Não foi por acaso que, em Ode à vida, Walter Miranda incluiu as Transposições Sinfônicas, seriações realizadas ao som das sinfonias de Beethoven, revivendo no Romantismo o ímpeto libertário do ser social.  

 

Referendando no pensamento de Lukács a aproximação entre Estética e da Ética, a crítica ontológica se ocupa da transição da técnica à arte. Nesse trânsito, em minha análise da arte de Walter Miranda, reenfatizo a relevância do estranhamento espacial. As heterotopias englobam oposições e mesclas, tornando possível realizar o irrealizável. As seriações sugerem releituras dos caminhos da repetição e da reprodução, buscando alternativas de ordem dialética a partir da mimese. E, sob o ângulo das desconstruções da geometria, viabiliza-se a passagem da teoria ao sentimento, favorecendo a catarse, que acolhe o outro na sua completude e antropomorfiza o espaço. 

 

Nessa convergência de instâncias técnico-expressivas há tensões imagísticas, entrecruzando franjas dos espaços poético, físico e social. Assim, na arte de Walter Miranda, referência aos Direitos Humanos transparece numa articulação do universal e do particular, exaltando a vida nos transcursos do lírico ao trágico e vice-versa. Em ambas as mostras, a oposição fundamental “vida x morte” se envolve no simbolismo do luminoso e do soturno, intensificando outras tensões que se acentuam pelas texturas. Note-se, ainda, que muitas imagens tangenciam o conceitual, ao perpassarem oposições que enfocam antropomorfização x fetichização.

 

Para sintetizar minha visitação a esse conjunto de trabalhos, vislumbro a vida ante a práxis do trabalho da mão sonhadora. A essa dádiva, acrescento: a mão que atua no processo artístico é diversa da mão que aperfeiçoa sapatos de sola vermelha, na linha dos valores de uso e de troca. A mão sonhadora resiste. E inventa o corpo sonhador.               

 

Na arte de Walter Miranda, o corpo sonhador se reconhece nas figurações do homem vitruviano inserido em vários trabalhos. Expandindo braços e pernas, ele simboliza a espécie humana: macho e fêmea atuantes no tecido poético. Eles ultrapassam limites geométricos. Suas silhuetas dançam, para vencer a morte antecipada.

 

Referências bibliográficas

LUKÁCS, György. Para uma ontologia do ser social I. Trad. Carlos Nelson Coutinho, Mario Duayer, Nélio Schneider. 2. Ed. São Paulo: Boitempo, 2018.

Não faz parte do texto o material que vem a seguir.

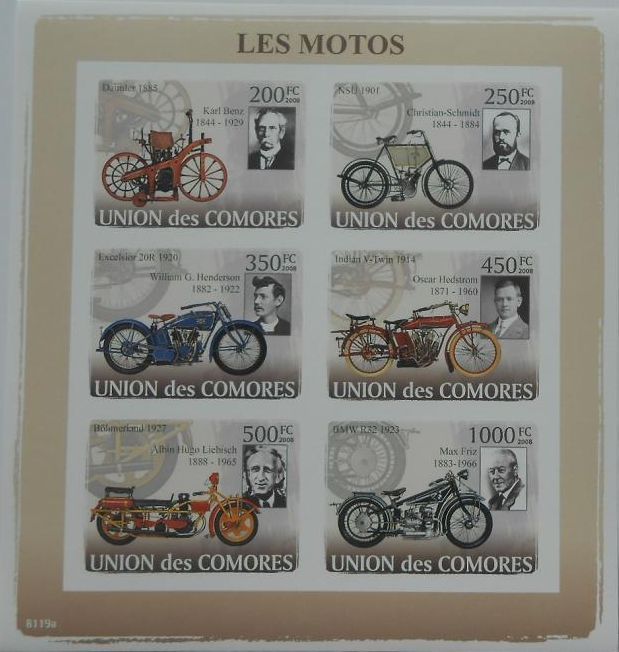 MOTORCYCLES #2 16 diff. sheets & sets MNH composition #Y64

MIRANDA, Walter. Cartografias de Gaia. São Paulo: FWM, 2018.

............................. Ode à vida. São Paulo: FWM, 2020. 

 

[i] LUKÁCS, György. Para uma ontologia do ser social I. Trad. Carlos Nelson Coutinho, Mario Duayer, Nélio Schneider. 2. Ed. São Paulo: Boitempo, 2018, p. 27.

 

[ii] Ibidem, p.345.

 

[iii] Cf. MIRANDA, Walter. Cartografias de Gaia. São Paulo: FWM, 2018.

 

[iv]Cf. Idem. Ode à vida. São Paulo: FWM, 2020.